I have heard somewhere that Jesus' past and future acts are symbolically mirrored in the Jewish feasts that the Lord commanded be observed in the old Testament. Do you know of any sources or anything more specific?

The seven annual feasts were spread over seven months, at set times appointed by God. They foreshadow the set times of God's work of redemption through His Son, Jesus as affecting both Jesus and believers in him.

The term "passover" is to be considered in the sense of "hovering over", i.e. to protect or deliver. God's presence overshadowed His people for their protection. The nation of Israel was transferred from slavery until death in Egypt, to lifelong service to God. Likewise, the believer in Christ is delivered from bondage to sin, leading to death, to a life of service to Christ, leading to eternal life.

Jesus, the Lamb of God, is our Passover. 1 Corinthians 5:7-8, "For Christ, our Passover lamb, has been sacrificed. Therefore let us keep the Festival, not with the old yeast, the yeast of malice and wickedness, but with bread without yeast, the bread of sincerity and truth."

This was a continuation of the Passover. Yeast (or leaven) promotes fermentation and Scripture uses yeast as a type of sin (1 Cor 5:6,7). Forgiveness for our sins can be obtained through the intercession of Christ, our mediator. Entry to this feast is possible only because "Christ our passover is sacrificed for us". Both the Passover and the feast without leaven show essentials for the believer. As there were 7 days eating bread without yeast, so for the believer there should be a complete life separate from sin. The sacrifice of Christ is of no benefit unless sinful yeast is excluded from our life.

This prefigured the resurrection of Jesus. The ceremony took place on the third day from the Passover. Jesus rose the third day, 1 Cor 15:20, "Christ has indeed been raised from the dead, the firstfruits of those who have fallen asleep." Until the sheaf of the firstfruits had been presented to the Lord, no one was permitted to eat bread, parched corn, or green ears.

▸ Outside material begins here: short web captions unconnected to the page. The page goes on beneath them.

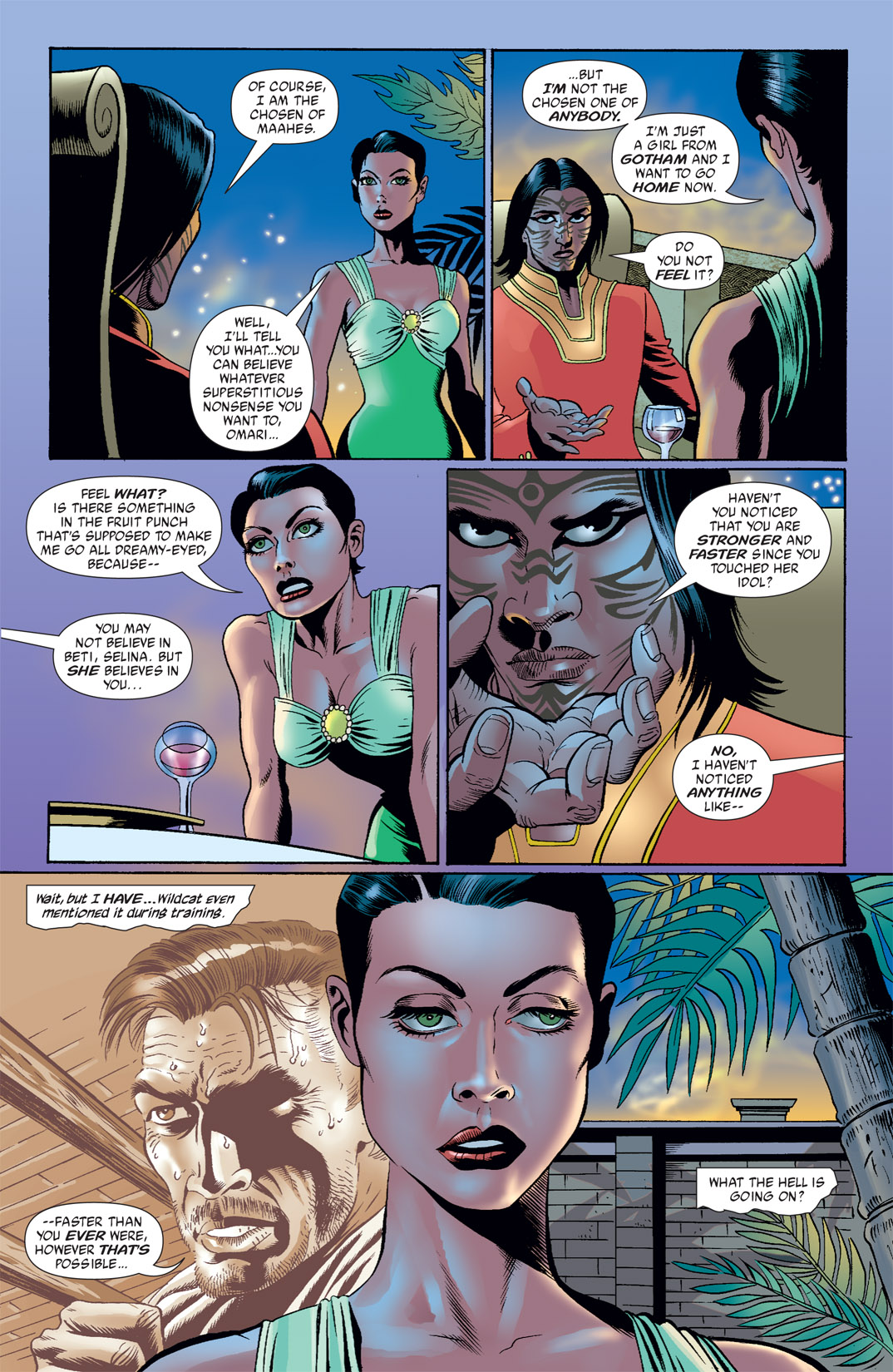 Read online Catwoman (2002) comic -  Issue #31 - 10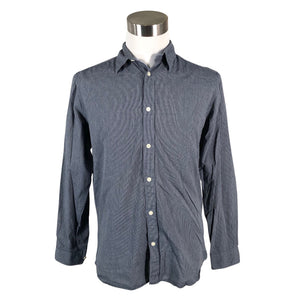 Unisex Selected - Collared shirt, size L - Blue (1)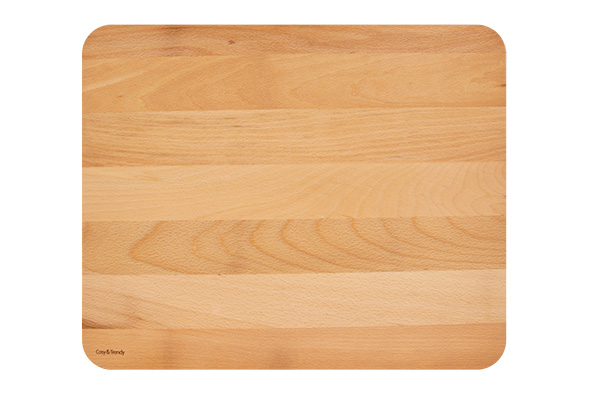 Onesta snijplank 35 x 25 x 2 cm rechthoek beuk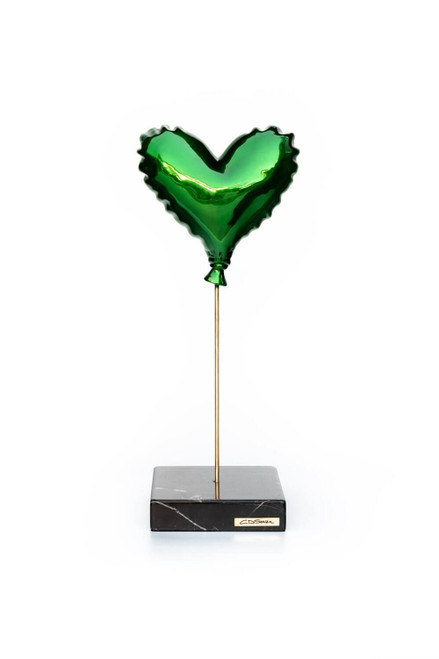 CAROLINE DE SOUZA Unbeaten Heart Green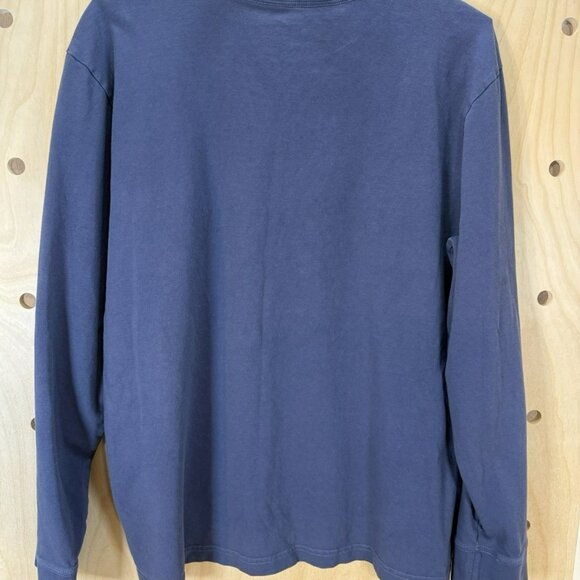 Life is Good Mens L Navy Crusher Holiday Beer Stay Cool Long Sleeve Shirt - Picture 12 of 13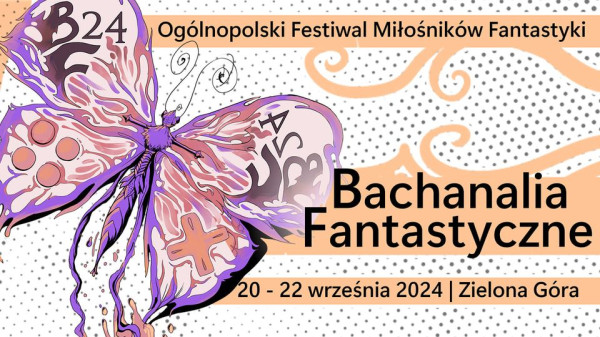 Baner konwentu 38. Bachanalia Fantastyczne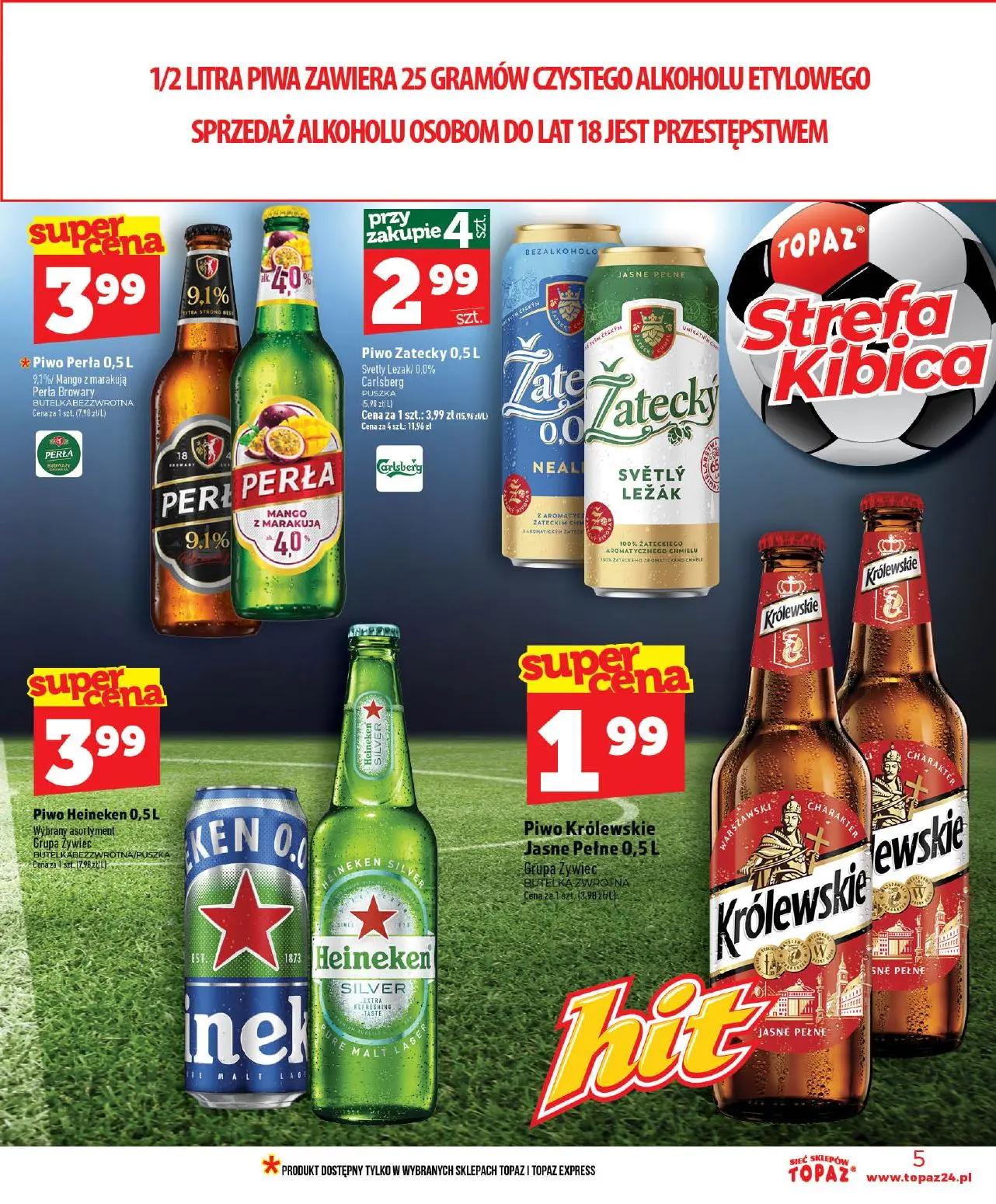 gazetka promocyjna Topaz  - Strona 5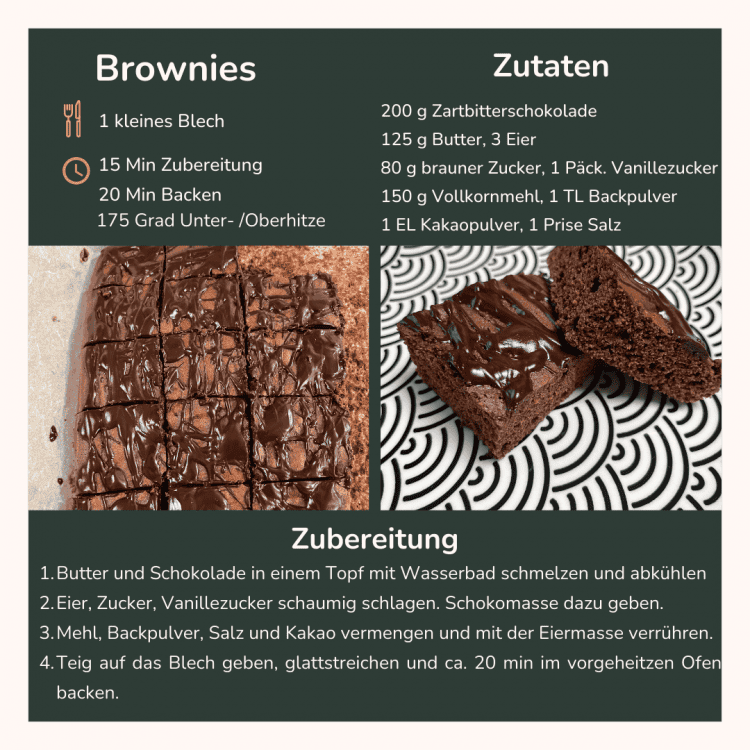 Brownie Rezept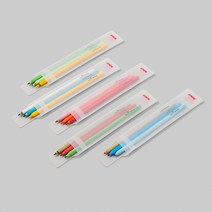 더사랑 보킷 친환경문구 보킷 재생종이 3pcs (연필 or 색연필), 연필(색상랜덤)
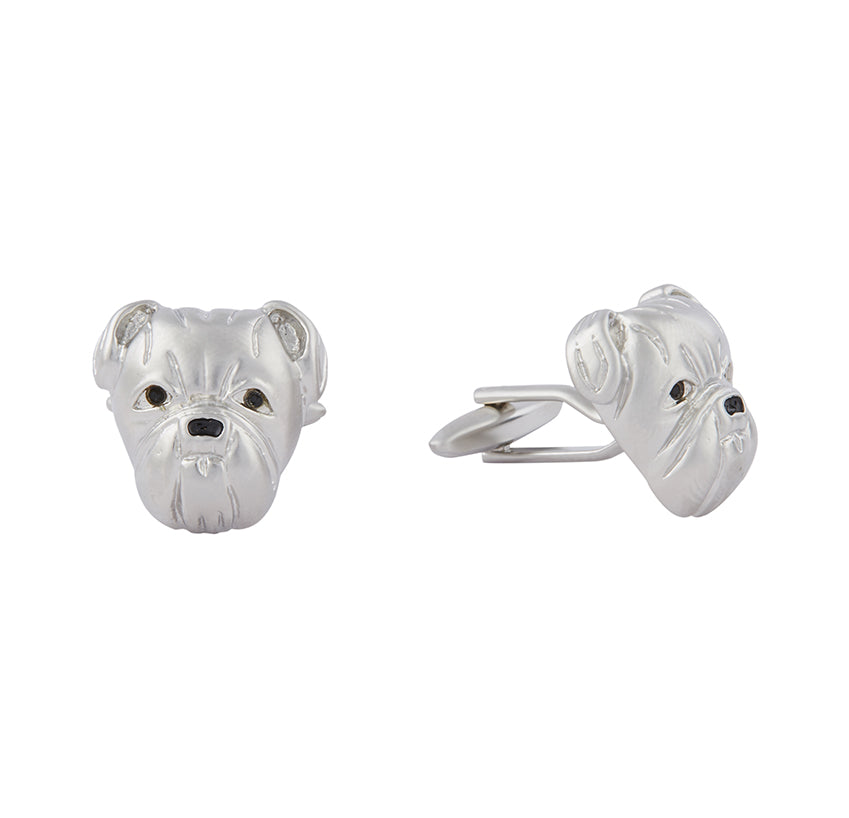 Dog Face Cufflink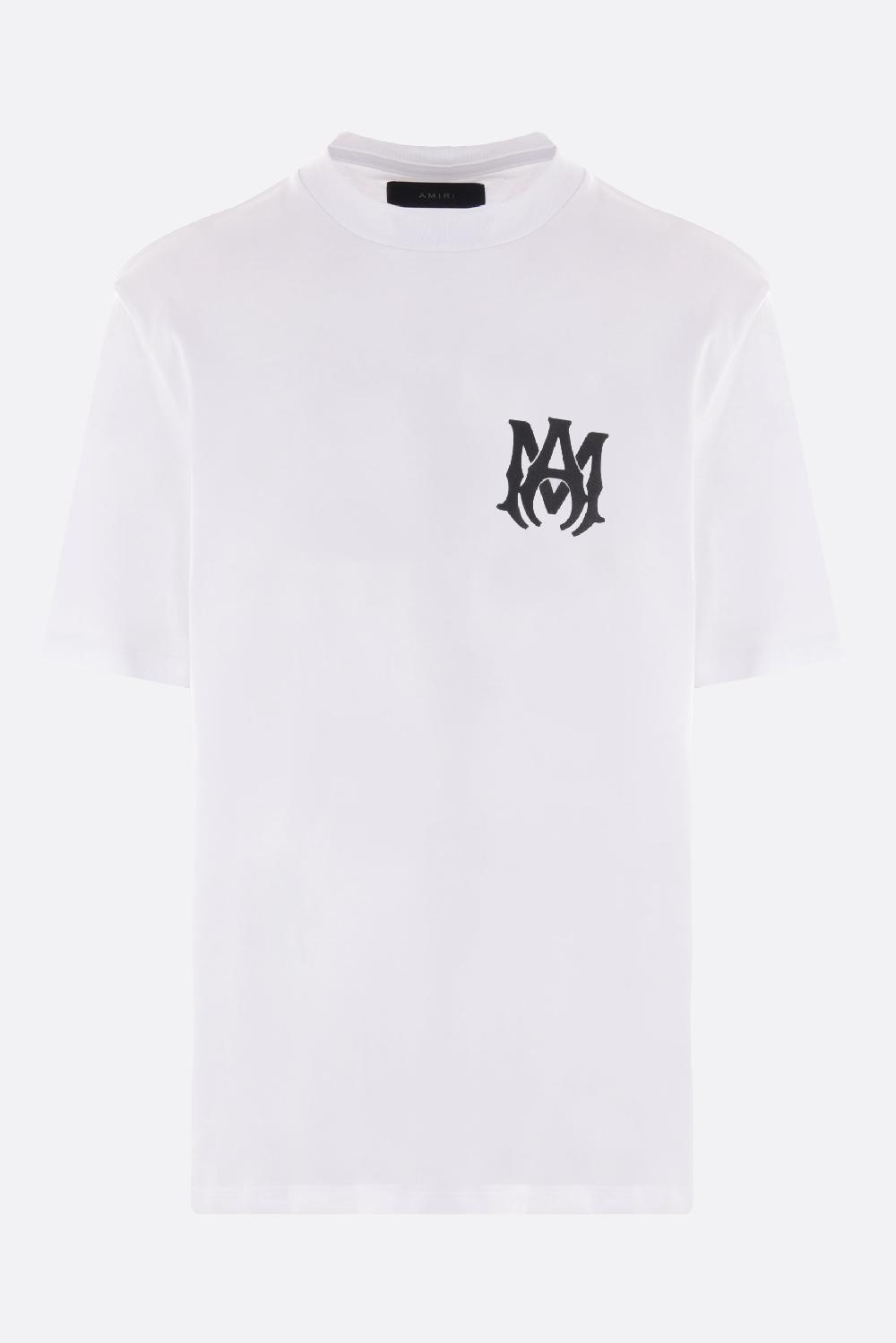 AMIRI T-shirt Ma Core Logo In Cotone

So, until God had reaped the firstfruits from the tomb in the garden, there could be no gathering of the harvest. "But each in his own turn: Christ, the firstfruits; then, when he comes, those who belong to him." (1 Cor 15:23)

This was held at the beginning of wheat harvesting, seven weeks from the Feast of Firstfruits (Lev 23:15-16). In the New Testament it called Pentecost (Greek 'pente' = fifty) The festival commemorated the giving of the Law which took place 50 days after the Sabbath following the Passover. On the day of Pentecost following Jesus' resurrection, a new revelation was given to the people in the gospel preached by the apostles, with the invitation to all to enter a covenant with God through baptism into Christ (Acts 2:40).

Almost four months after the Pentecost, though not at a precise interval, the feast of Trumpets was a day of rest celebrated with trumpet blasts and sacrifices when the nation was presented before God. This prefigures the time when "the Lord himself will come down from heaven, with a loud command, with the voice of the archangel and with the trumpet call of God", 1 Thes 4:16 and, "in a flash, in the twinkling of an eye, at the last trumpet. For the trumpet will sound, the dead will be raised imperishable, and we will be changed" 1 Cor 15:52.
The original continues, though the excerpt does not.